Last month when I went for my treatment, it took three nurses and 4 attempts to get a good vein. Inside, it felt like my intestines were in the spin cycle and all of my blood was pulsing in my ears instead of in my stupid arm where it needed to be. The nurses said, “You’re doing so good. This is hard.” My husband said, “You did great, baby. You never even flinched.” I felt on the verge of crying, vomiting and passing out.

When we used to drink way more, one of my girlfriends and I had a practice of talking each other out of shame spirals the day after. Have you ever had a day after shame spiral? It goes like this: You drink too much. You don’t remember exactly everything you did and said, and you assume the absolute worst about yourself. We discussed it one time, and my friend asked, “How do you think you are acting?” Mean, belligerent, saying stupid things. She laughed and said, “You are never any of those things.” Her vision is always that she was standing on the bar calling people out. She never stands up on anything and hardly ever calls {undeserving} people out. Others rarely see us this way, but our perceptions of ourselves are usually caricatures of our actual selves filtered through our experiences, views, beliefs and history.

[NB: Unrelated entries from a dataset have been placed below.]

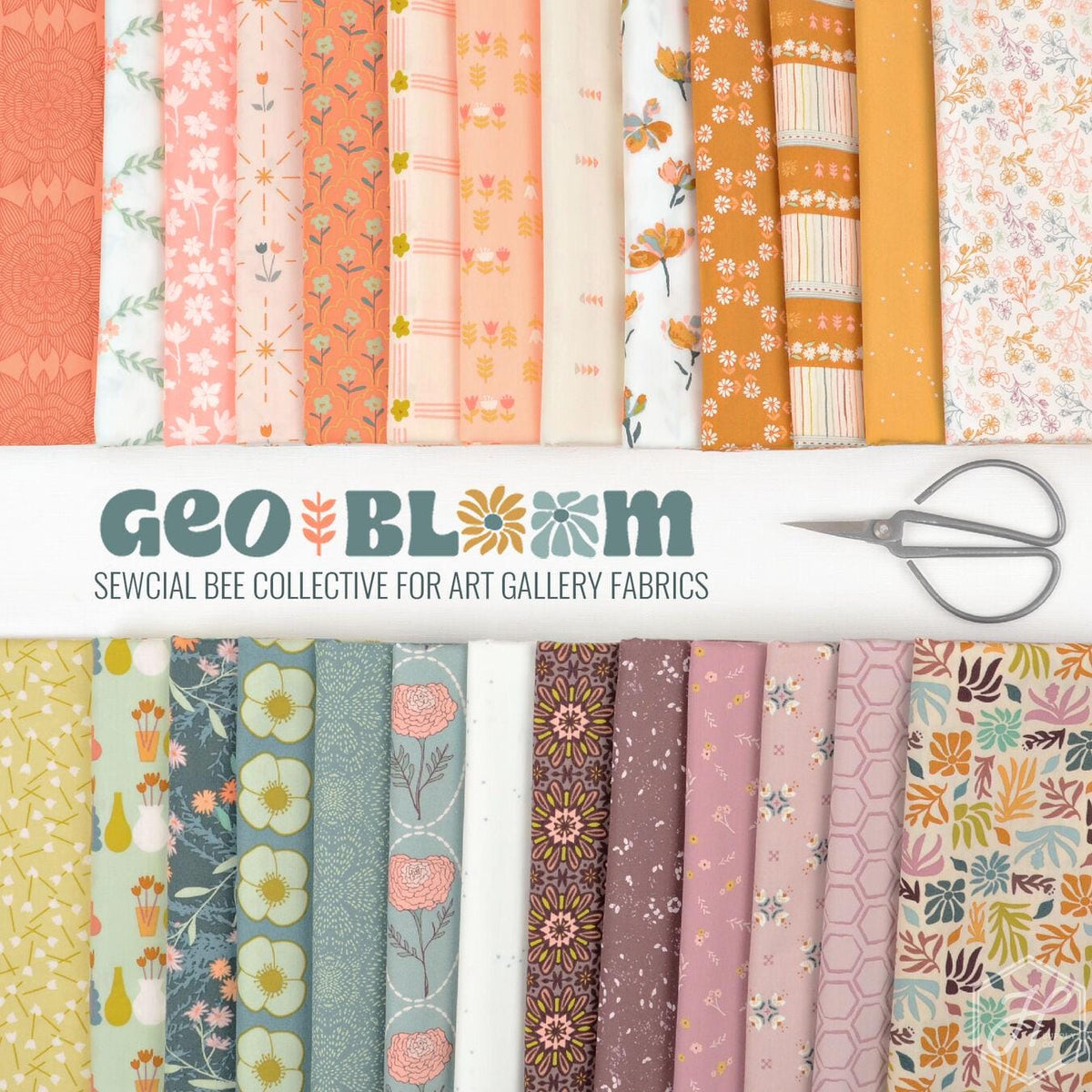 Art Gallery Gradient Garden Quilt Kit Featuring Sewcial Bee Collective GeoBloom Fabric Collection Authentic Premium 100% Cotton Fabrics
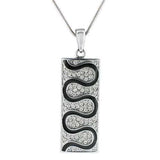 LO1182 - Rhodium Brass Pendant with Top Grade Crystal in Clear - Alamode - Flyclothing LLC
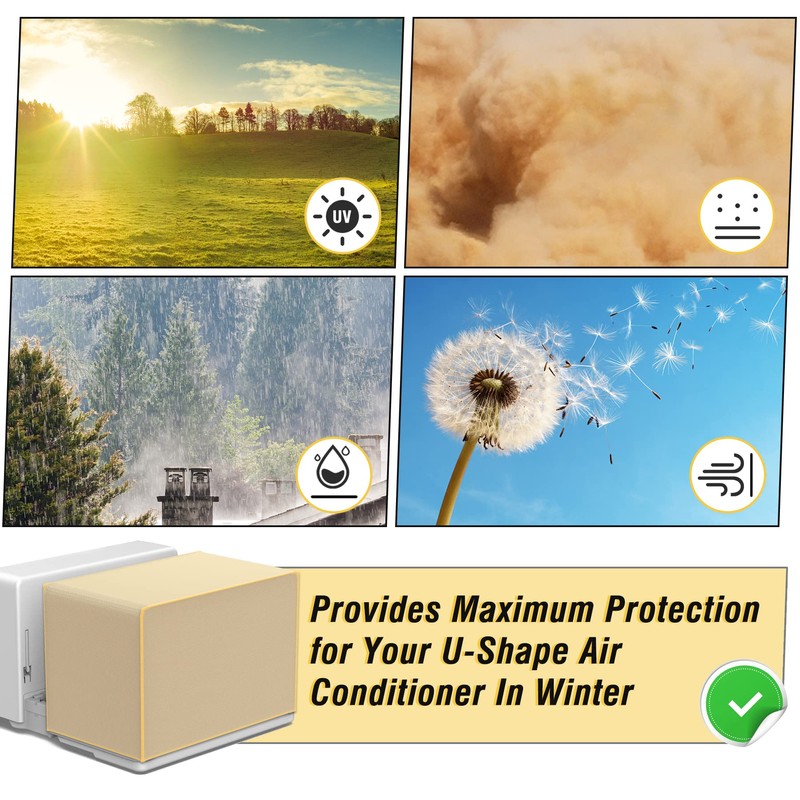 Powrocket Window Air Conditioner Cover for U-Shape Window AC Units,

In my family of origin, people who admitted to being sad, afraid or in pain were weak. People who drank too much were often mean, belligerent and said stupid things.

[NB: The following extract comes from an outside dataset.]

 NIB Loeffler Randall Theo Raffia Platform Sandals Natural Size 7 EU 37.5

Other people’s perceptions get sifted through their own experiences, views, beliefs and history before they form an opinion. Consequently, other people’s opinions should have zero bearing on our own feelings of self-worth. I don’t live from a place of should so sometimes I forget that. Is that just me?

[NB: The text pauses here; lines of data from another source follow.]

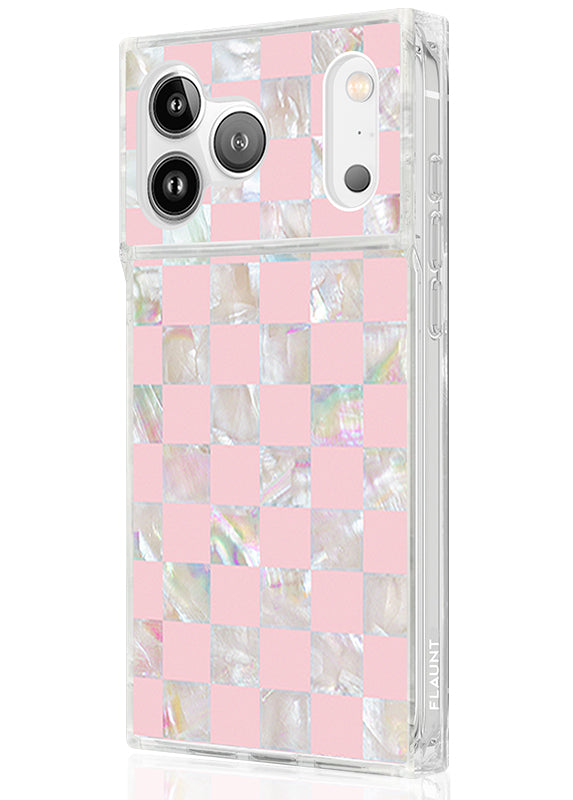 SQUARE® Pink Checkered Mother of Pearl iPhone Case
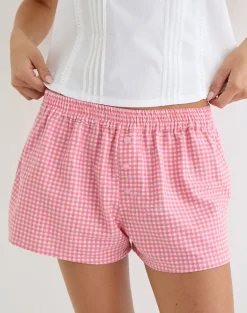 East Boxer Short in Mini Gingham Peach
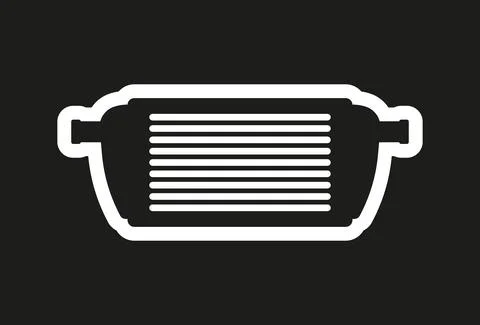 Car intercooler vector icon on black background Stock Illustration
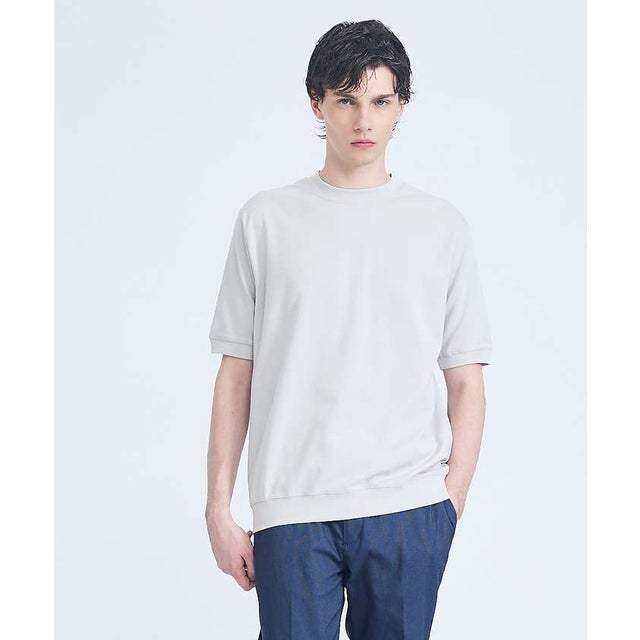 【SMART CLOSET/WEB限定】シルキータッチ モックネック 半袖Tシャ （グレージュ）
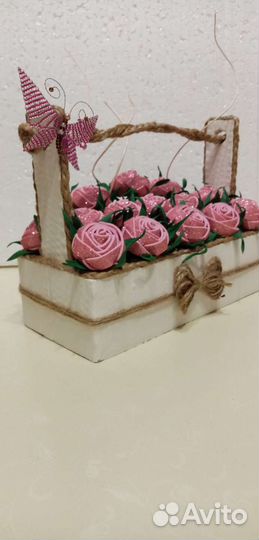 Поделка корзина роз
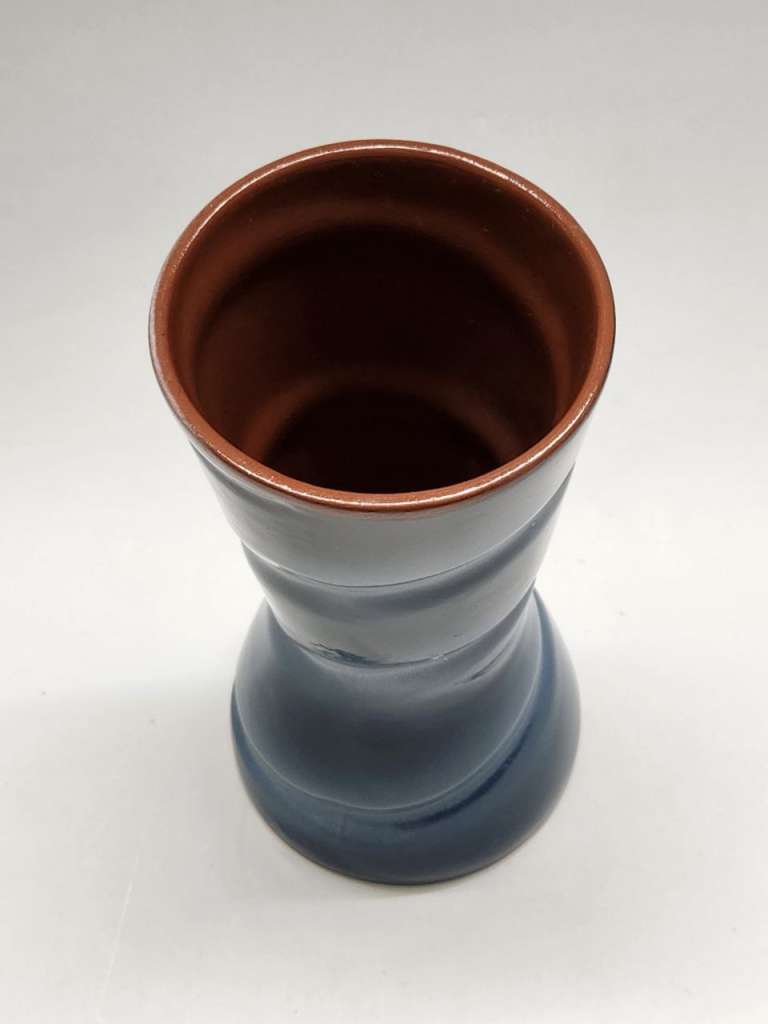 Ваза обливная керамика высота 30 см СССР винтаж синяя голубая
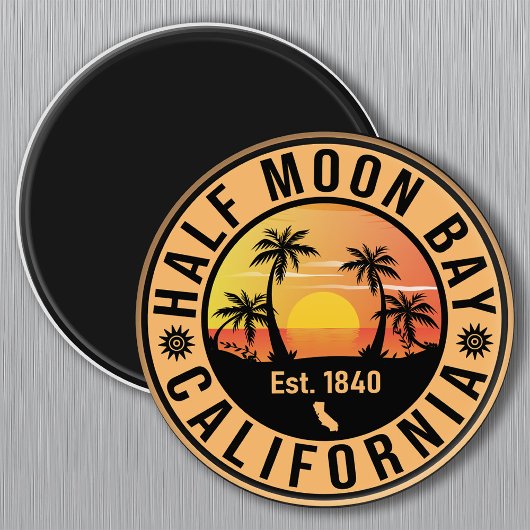 Aimant Demi Moon Bay California Retro Sunset Souvenirs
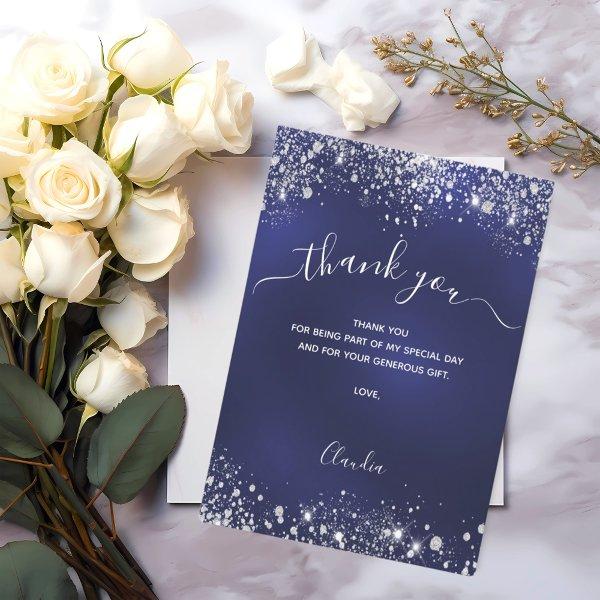 Navy blue silver glitter sparkles script thank you card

Yesterday a reader gave my book a two-star rating. Here’s the thing: When someone leaves a shitty rating on a novel, it might feel like: That’s their opinion, maybe they don’t like this genre or writing style or whatever. When someone leaves a shitty rating on a memoir, it feels personal. Like confirmation that everyone who ever disliked me or had a bad opinion of me was right, and all the people who love me were wrong. Seriously. Is it just me?

Because I’m obsessive, and as I mentioned previously, a little bit manic, I stalked this person’s Goodreads account. I needed to know what kind of books she DID like. Did she just hate mine? I ended up whizzing through a wormhole and reading lots of terrible reviews of books and writers I love and admire.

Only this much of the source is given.